In the Kannada literary world, Devanura Mahadeva first made his name through short stories and a novella, Kusumabale, of striking originality and power. He has since won respect for his political integrity and his moral courage, for his refusal to succumb to the seductions of state patronage, and for his identification with the disadvantaged and the oppressed. He is a passionate advocate of inter-faith harmony, his commitment to pluralism witnessed most recently in his going to a market in Mysuru to buy halal meat when a ban on the product was sought to be imposed by thugs of a Hindutva persuasion.

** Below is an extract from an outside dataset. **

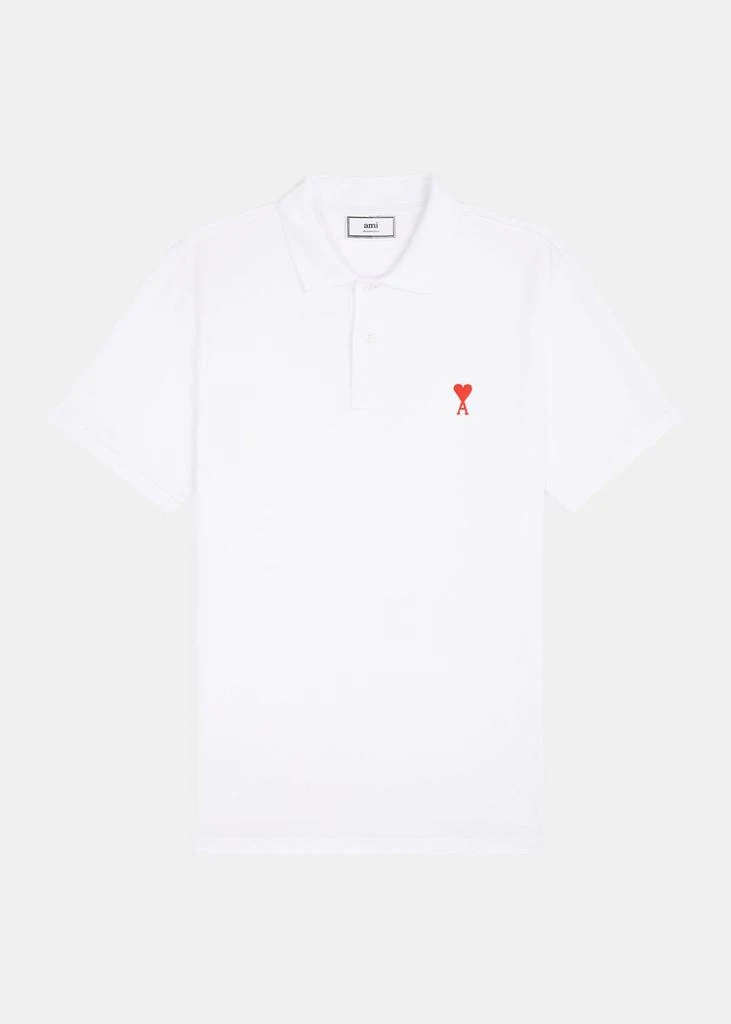 商品AMI|AMI Alexandre Mattiussi White Ami De Coeur Polo Shirt,价格¥815,第1张图片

In July, Mahadeva published a tract outlining his views on the Rashtriya Swayamsewak Sangh. A week after it was printed, the website The News Minute reported: “A critical exploration of the RSS, the book has been flying off the shelves since its release, prompting the state’s rightwing ecosystem to unleash all its arms to discredit both the book and its author.” MPs of the ruling Bharatiya Janata Party, as well as those who pass as “intellectuals” on that side of the political spectrum, unburdened themselves with a torrent of abuse aimed at the author. No matter; the tract sold tens of thousands of copies, being discussed and debated in the farthest corners of the state.

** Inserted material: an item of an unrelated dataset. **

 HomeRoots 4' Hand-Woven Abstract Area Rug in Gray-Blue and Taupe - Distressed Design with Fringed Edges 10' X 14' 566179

Happily for those of us who do not read Kannada, Mahadeva’s pamphlet is now to appear in other languages, including Tamil, Telugu, and Malayalam. I have recently been reading the English translation, by SR Ramakrishna, which is soon to be published as a book.

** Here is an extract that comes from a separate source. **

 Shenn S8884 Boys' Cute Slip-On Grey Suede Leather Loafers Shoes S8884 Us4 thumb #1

Endorsing caste inequalities

The main text begins with quotations from MS Golwalkar and VD Savarkar, the two ideologues who have shaped Hindutva as it is today. Here we find Golwalkar justifying the caste system and its in-built hierarchies, on the grounds that they have scriptural sanction, and Savarkar urging worship of the Manusmriti, notwithstanding the fact that its endorsement of caste and gender inequalities is so antithetical to the Indian Constitution. The Savarkar quote chosen by Mahadeva is especially telling:

Manusmriti is that scripture which is most worshipable after Vedas for our Hindu Nation and which from ancient times has become the basis of our culture-customs, thought and practice. This book for centuries has codified the spiritual and divine march of our nation. Even today the rules which are followed by crores of Hindus in their lives and practice are based on Manusmriti. Today Manusmriti is Hindu Law. That is fundamental.”

Another quote from Golwalkar has the RSS ideologue calling the federal system of a union of states “poisonous”, urging instead a unitary political system based on the homogenising principle of “One Country, One State, One Legislature, One Executive’’.

Devanura Mahadeva draws our attention to the crudity of what passes for thinking in the RSS. The Sangh’s Bible, as it were, is a book of Golwalkar’s entitled Bunch of Thoughts, but, as Mahedeva writes, “If you look inside this book for anything that could be considered a ‘thought’, or ‘chintane’, you will find absolutely nothing. What it offers is only a set of random, dangerous beliefs, and that too from a bygone time.” (Having read the book several times myself, I entirely concur with this judgment). The RSS’s ideology is so narrow-minded that, as Mahadeva remarks, “forget about anyone else, no sensible Brahmin even can accept this devilish view of the past that the RSS presents”.